Tout bénéfice pour le consommateur? Non, car pour deux tiers des Américains, Wal-Mart est le premier employeur de leur Etat, auquel on reproche notamment de forcer des salariés à faire des heures supplémentaires, d'engager des immigrants illégaux dans ses services de nettoyage. Le groupe fait face à la plus grande plainte collective de tous les temps, signée par 1,6 million d'employées ou anciennes employées, contre des salaires systématiquement inférieurs aux collègues masculins.

La puissance du géant de la distribution pèse aussi sur ses 61000fournisseurs. La qualité du contact avec Wal-Mart est affaire de vie ou de mort pour Gillette, qui a fusionné avec Procter & Gamble pour accroître sa taille face au géant. Avec 68 milliards de dollars de ventes, le nouveau groupe réalise 15% de son chiffre d'affaires avec le seul Wal-Mart.

Année après année, les fournisseurs réduisent leurs coûts, jusqu'à ne plus pouvoir produire aux Etats-Unis. Seule l'Asie le permet, et encore. Sous le poids des critiques, Wal-Mart a dû faire des inspections dans des usines asiatiques dont les produits finissent sur ses étalages. En 2004 ces contrôles ont révélé que 8900 fabriques, pourtant averties à l'avance de la visite d'un inspecteur, violaient le code de conduite.

Beaucoup de fournisseurs jettent l'éponge. Sur les dix premiers d'entre eux en 1994, quatre ont fait faillite, et un autre a été racheté. Sans parler bien sûr des dégâts sur ses concurrents directs: sur les 29 chaînes de supermarchés placées sous la protection de la loi sur les faillites ces dix dernières années, 25 le doivent au groupe de Bentonville.

En clair, la baisse des prix appauvrit l'Amérique. Dans les comtés américains qui avaient un supercentre Wal-Mart, le taux de pauvreté a baissé de 10% de moins que dans les autres en une décennie. Chiffre a priori dérisoire, mais il correspond à 20000 familles. En Géorgie, par exemple, un enfant d'un employé sur quatre obtient une aide sociale de l'Etat. Est-ce au contribuable de financer le modèle de Wal-Mart?

Le groupe se défend en soulignant qu'il a créé 100000 emplois en 2005, après les 83000 de l'année précédente. Mais ces gains sont des pertes pour les autres distributeurs. L'emploi a progressé de 67% chez Wal-Mart ces sept dernières années et de 1,3% dans le reste de la branche. Pendant que Wal-Mart augmentait son personnel de 480000 personnes, l'emploi manufacturier a diminué de 3,1 millions postes de travail. En 2003, pour la première fois, le nombre d'Américains travaillant dans la distribution a dépassé ceux de l'industrie.

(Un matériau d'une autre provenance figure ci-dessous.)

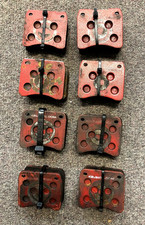 Kelgate Thick Hard Compound GoKart Brake Pad (pair)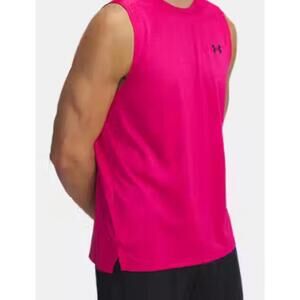$35 Men's Under Armour Loose Fit 1384290 UA Tech Vent Tank L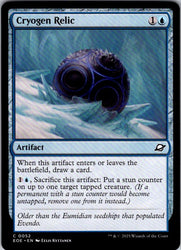 Cryogen Relic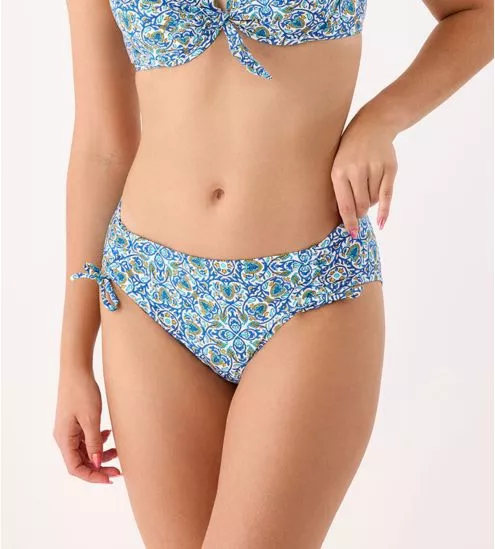 Bas de maillot de bain réglable OIA Turquoise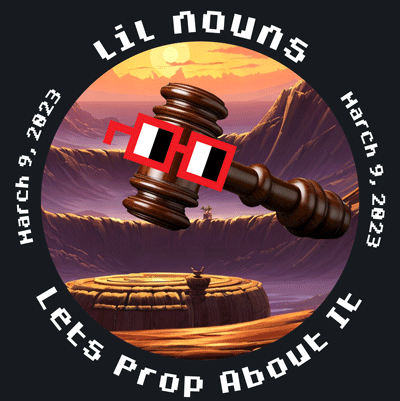 Let's Prop About It 3-9-2023 POAP image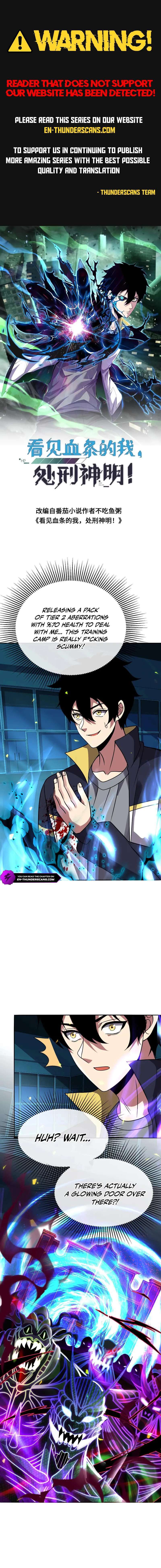 Read Leveling Up By Killing Gods EN Manga Online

L'Amérique de la consommation, celle de Wal-Mart, a pris le pouvoir. Pendant ce temps, les importations chinoises du groupe ont bondi de 200%. L'obsession de la baisse des prix magnifie les forces darwiniennes du capitalisme moderne, selon Charles Fishman.

Le groupe, qui représente 20% de l'alimentation aux Etats-Unis, offre des prix inférieurs de 27% en moyenne à ceux des magasins traditionnels. Pourtant, les statistiques de l'indice des prix (CPI) ne l'intègrent pas dans leurs relevés, arguant d'un service et d'une qualité inférieurs. Wal-Mart, qui attire 25 à 30% des consommateurs l'année de son arrivée dans une ville, est absent des relevés et refuse en plus d'appartenir aux associations nationales. Quand on sait que les ventes de produits de beauté ou les confiseries - stagnantes selon les données publiées - n'intègrent pas le leader de la consommation, on se demande comment juger de l'évolution de l'économie américaine.

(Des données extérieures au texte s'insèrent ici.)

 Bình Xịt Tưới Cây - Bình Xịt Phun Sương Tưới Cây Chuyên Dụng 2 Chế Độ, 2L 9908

Wal-Mart reporte sur d'autres les coûts externes de ses pratiques sociales et environnementales. Pour offrir des filets de saumon à un prix ridicule et populariser cet ancien article de luxe, Wal-Mart achète au Chili. C'est le deuxième produit d'exportation du pays, derrière le cuivre. Les conditions de travail y sont pourtant déplorables et les déchets monstrueux. Et dire que le pays veut augmenter de 50% sa production de saumon jusqu'en 2010.

L'histoire de Wal-Mart, c'est celle de la mondialisation réécrite à partir du moteur de la baisse des prix. Cet acteur clé du capitalisme actuel reste méconnu. Et pour cause. Wal-Mart se tait.

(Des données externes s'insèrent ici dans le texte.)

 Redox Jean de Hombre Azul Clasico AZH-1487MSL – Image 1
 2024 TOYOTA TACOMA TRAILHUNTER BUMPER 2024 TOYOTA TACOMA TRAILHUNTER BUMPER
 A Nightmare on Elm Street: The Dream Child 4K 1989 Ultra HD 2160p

Le succès du groupe commence d'ailleurs à s'étioler. Sur base comparable, les ventes, qui augmentaient de 9% en 1998, ont vu leur progression ralentir progressivement à 3,3% en 2004. Saturation? Sans doute, mais pas uniquement. Les clients n'apprécient plus leur principal magasin.

Pour Charles Fishman, le marché a perdu le contrôle de Wal-Mart. Le client vote oui à l'achat dans ses supercentres, «mais son information est incomplète, car il ne comprend pas pour quoi il vote lorsqu'il vote pour des prix bon marché».

*«The Wal-Mart Effect. How an Out-of-Town Superstore became a superpower». Charles Fishman, 294pages, 2006, Penguin, Allen Lane.